> [YOUR INSTRUCTIONS]:
The entries below need to be transcribed exactly, without their images.

> [DATASET EXTRACT]:
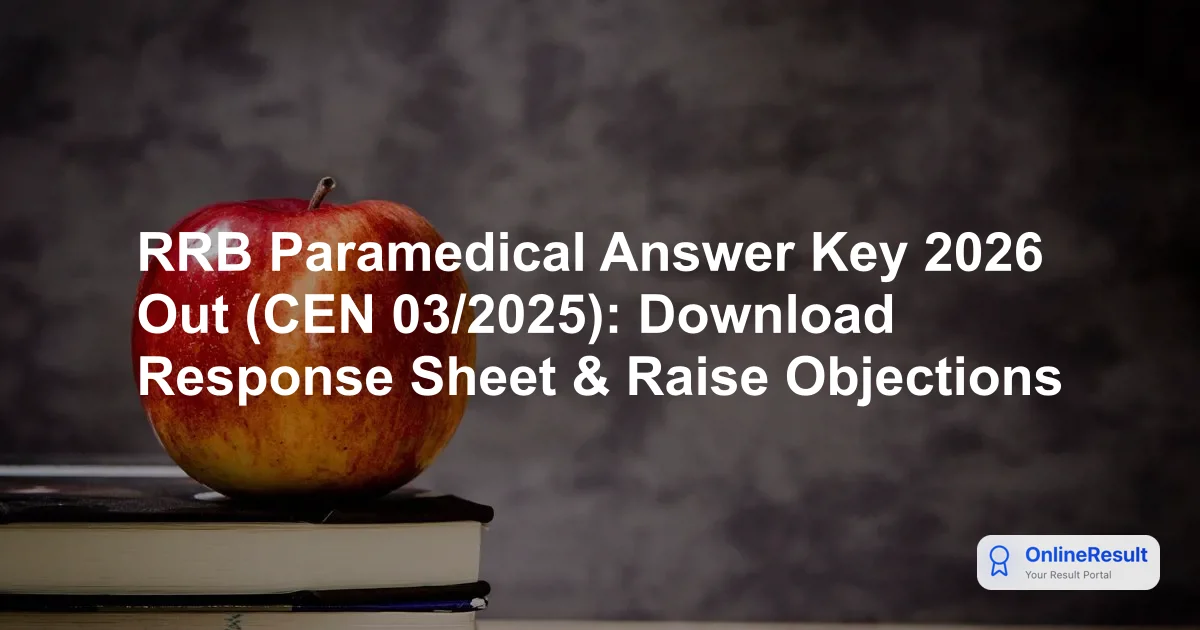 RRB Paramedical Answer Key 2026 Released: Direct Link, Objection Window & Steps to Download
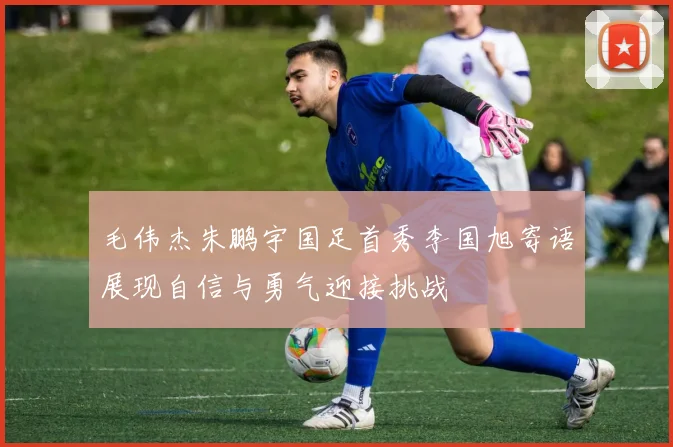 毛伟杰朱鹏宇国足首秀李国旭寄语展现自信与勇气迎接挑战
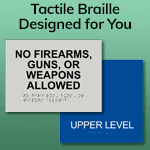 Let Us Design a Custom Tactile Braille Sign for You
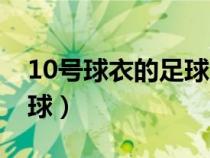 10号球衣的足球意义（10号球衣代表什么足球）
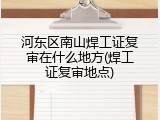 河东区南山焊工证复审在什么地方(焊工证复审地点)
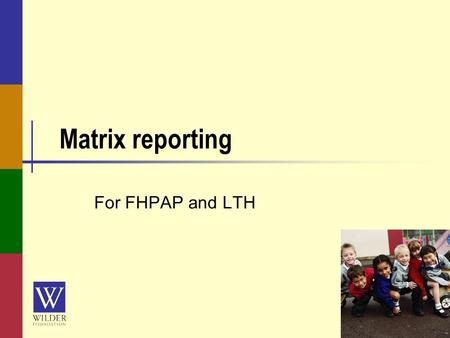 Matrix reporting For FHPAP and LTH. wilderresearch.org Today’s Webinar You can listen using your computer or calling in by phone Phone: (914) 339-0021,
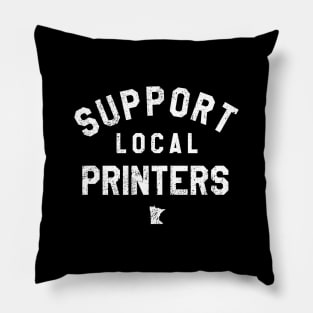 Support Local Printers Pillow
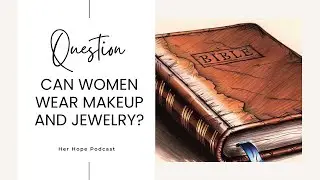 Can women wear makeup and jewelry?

> [RESULT OF THIS TASK]:
 RRB Paramedical Answer Key 2026 Released: Direct Link, Objection Window & Steps to Download
 毛伟杰朱鹏宇国足首秀李国旭寄语展现自信与勇气迎接挑战
 Let Us Design a Custom Tactile Braille Sign for You
 10号球衣的足球意义（10号球衣代表什么足球）
 河东区南山焊工证复审在什么地方(焊工证复审地点)
 Matrix reporting For FHPAP and LTH. wilderresearch.org Today’s Webinar You can listen using your computer or calling in by phone Phone: (914) 339-0021,
 Support Local Printers Pillow
 Can women wear makeup and jewelry?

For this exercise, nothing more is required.